Date: July 12th, 2024

Summary: On July 11th, 2024, Signhost's postback service experienced slowdowns starting at approximately 10:30 CEST. This resulted in timeouts and locks on the database, preventing postbacks from being sent. The issue was resolved by rebooting the postback system at 12:45 CEST, which allowed the system to catch up on the backlog and resuming real time postback sending. for most customers. A remaining problem queue was identified and purged, and customer postback services were fully restored after updating statuses via GET calls.
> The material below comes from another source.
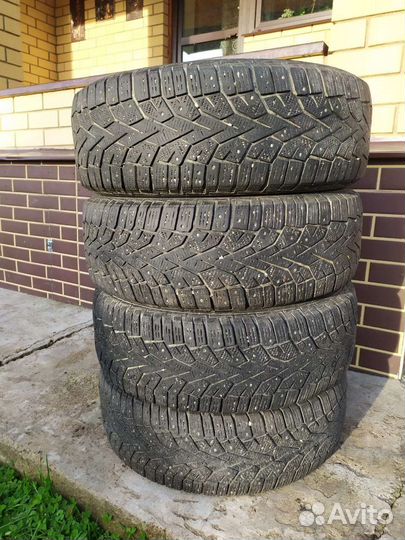 Gislaved NordFrost 100 SUV 215/65 R16 102T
Root Cause: The RCA identified the following root causes for the postback service slowdown:

  • Queue Overload: The postback system encountered an overload of tasks, leading to timeouts and database locks. This overload could be due to a surge in postback activity or inefficiencies in the current queueing mechanism.

Contributing Factors:

  • Limited Logging: The current logging system does not capture internal postback queue metrics effectively, making it difficult to proactively identify queue overload situations.
  • Queueing Mechanism Limitations: The current queueing mechanism might not be sufficient for handling peak loads or may not be optimized for efficient processing of postbacks.

Timeline of Events:

  • 10:30 CEST, July 11th: Postback service slowdown begins due to queue overload, resulting in timeouts and database locks.
  • Timeframe between 10:30 CEST - 12:45 CEST, July 11th: Investigation and troubleshooting efforts are undertaken.
  • 12:45 CEST, July 11th: Postback system reboot is performed, allowing the system to process the backlog.
  • Post-reboot: A remaining problem queue is identified, purged, and customer postback services are restored via GET call updates.

Corrective Actions:

  • Improve Logging: Enhance logging practices to capture detailed metrics on internal postback queues, enabling better identification of potential overload scenarios.
  • Review Queueing Mechanism: Evaluate the current queueing mechanism and implement improvements for better handling of peak loads and efficient postback processing. This might involve exploring alternative queueing solutions.
  • Implement Permanent Fixes: Develop and implement permanent solutions to address queue overload issues, such as:

    • Optimizing the current queueing mechanism for postback processing.
    • Migrating to a more robust queueing system if necessary.

Preventative Measures:

  • Proactive Monitoring: Implement proactive monitoring of queue health using the enhanced logging data to identify and address potential overload situations before they impact service delivery.
  • Regular System Reviews: Conduct periodic reviews of the postback system to assess performance and identify areas for further improvement.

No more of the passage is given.